Exercise objective → Start at the line with "Myrsine subsessilis cryptostemon" in the records below, stop at the line with "Crataegus faxonii image", and return every line in that span exactly, the two end lines included.

[[ Raw data, beginning ]]

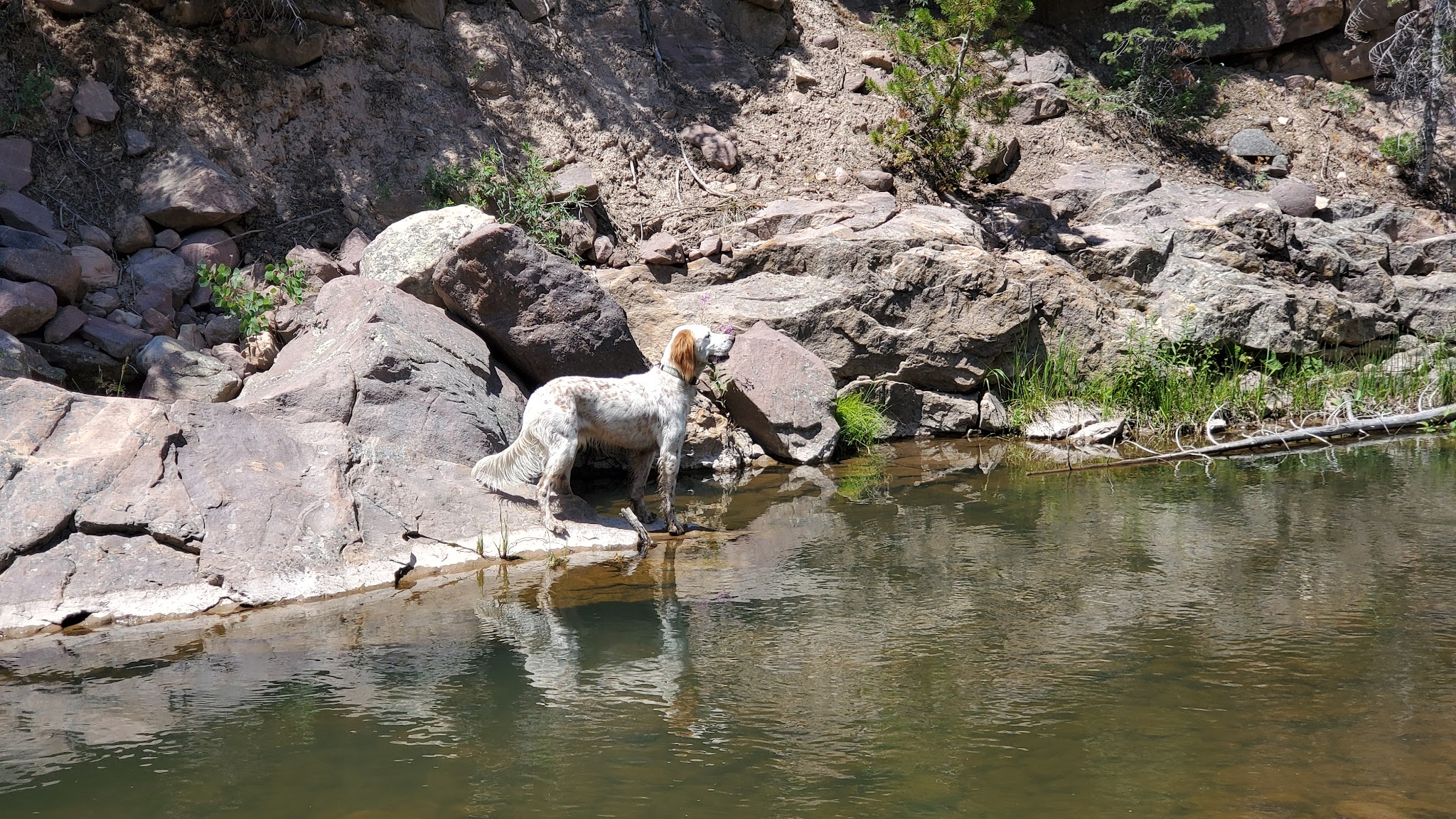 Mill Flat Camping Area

[[ Raw data, end ]]
[[ Raw data, beginning ]]

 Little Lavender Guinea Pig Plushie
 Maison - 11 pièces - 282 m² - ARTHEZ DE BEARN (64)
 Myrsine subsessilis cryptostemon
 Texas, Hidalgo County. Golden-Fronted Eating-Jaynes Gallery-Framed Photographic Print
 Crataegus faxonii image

[[ Raw data, end ]]
[[ Raw data, beginning ]]

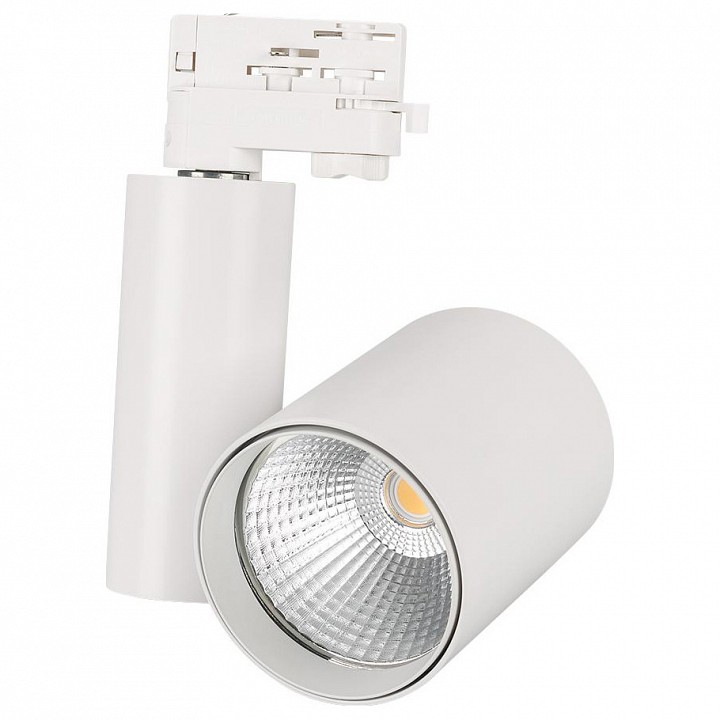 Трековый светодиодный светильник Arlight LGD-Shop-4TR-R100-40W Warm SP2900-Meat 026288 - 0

[[ Raw data, end ]]

Answer area →
 Myrsine subsessilis cryptostemon
 Texas, Hidalgo County. Golden-Fronted Eating-Jaynes Gallery-Framed Photographic Print
 Crataegus faxonii image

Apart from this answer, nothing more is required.